= Durabis =

Scratch resistant polymer coating by TDK used on blu-ray discs

Durabis (Latin for "you will last") is a brand name for a clear polymer coating developed by the TDK Corporation. It was unveiled at CES 2005 to remove the need for "cumbersome" protective cartridges to protect the media’s recording layer. The need for a protective polymer arose due to the data layer on Blu-ray discs being much closer to the surface of the disc than in other disc formats, such as HD DVD. One of its principal applications at first was for scratch resistance in Blu-ray and other optical discs. It is claimed to be tough enough to resist screwdriver damage and make scratched optical discs (CDs and DVDs) a "thing of the past".

To meet Blu-ray's specifications, TDK's coating had to be less than 0.1 mm thick, be hard enough to resist considerable damage, and be transparent enough to be easily read through. According to a filing with the U.S. Patent and Trademark Office, the process essentially spin-coats two layers onto discs. One is for protection against scratches, and the other protects against stains and oils.
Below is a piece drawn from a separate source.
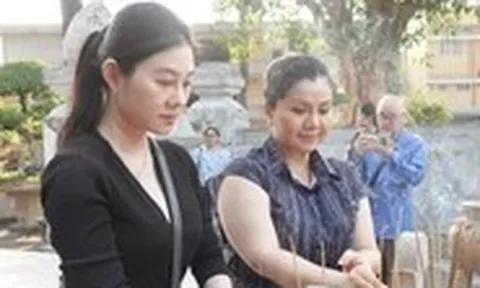 Tú Sương, Quế Trân, Võ Minh Lâm thắp nhang ở lăng Lê Văn Duyệt, xin phép làm vở cải lương về ông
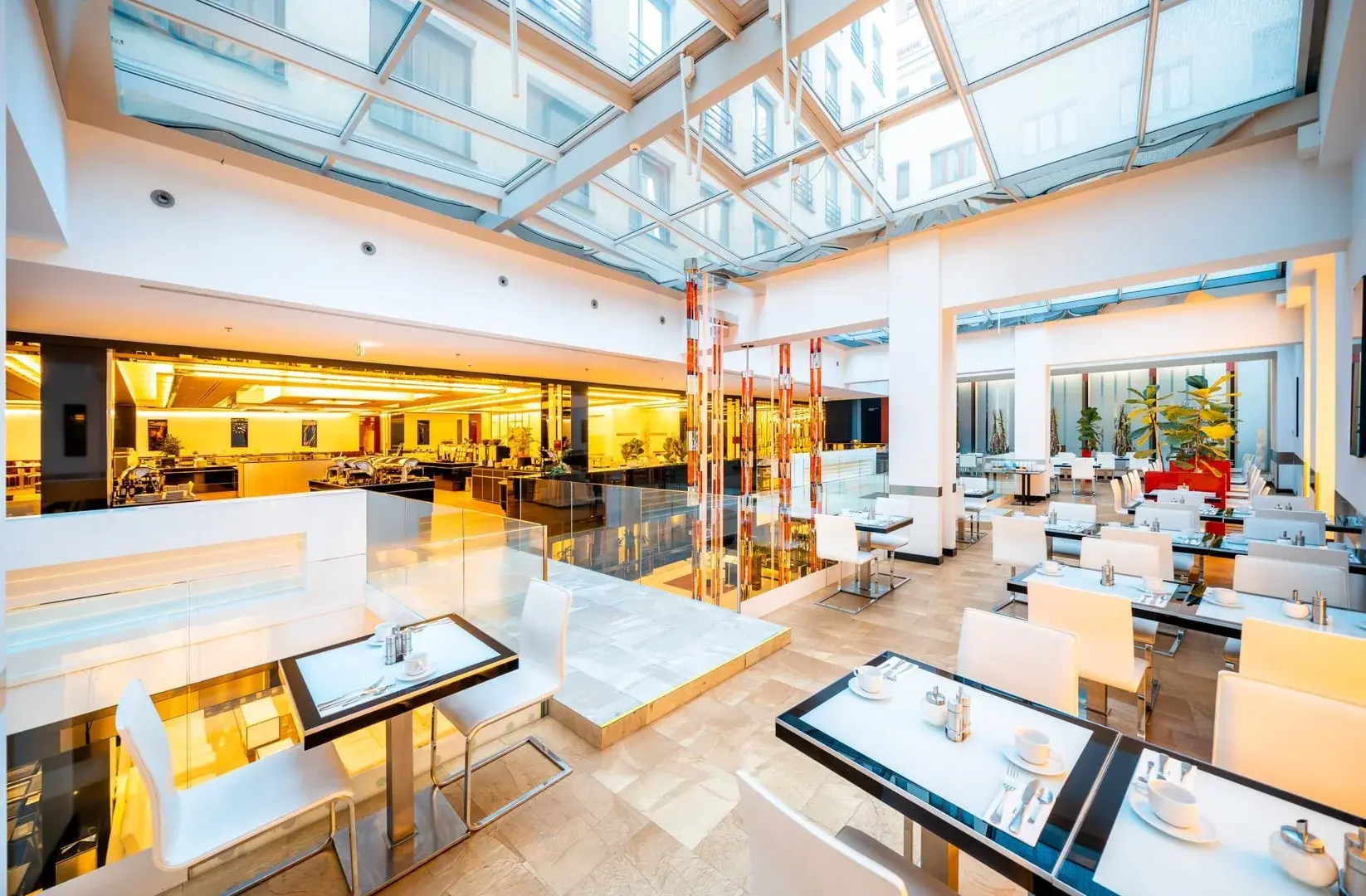 Restauracja i jedzenie w hotelu Grandior Prague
While Blu-ray mandates the use of a scratch-resistant coating, it does not specify what coating is used, and both Sony and Panasonic have their own independent hard coating technologies that are primarily in use on Blu-ray pre-recorded discs.

A TDK spokesman says the present protective layer represents "the first generation" of the coating and that the company has been refining the technology to better suit Blu-ray Discs. Although it might seem possible to adapt the polymer to other uses in LCD, CRT, and plasma screens, TDK plans to target the DVD market for now, because scratches are so common on DVDs that in the rental market, they may only last about 12 to 13 rentals on average.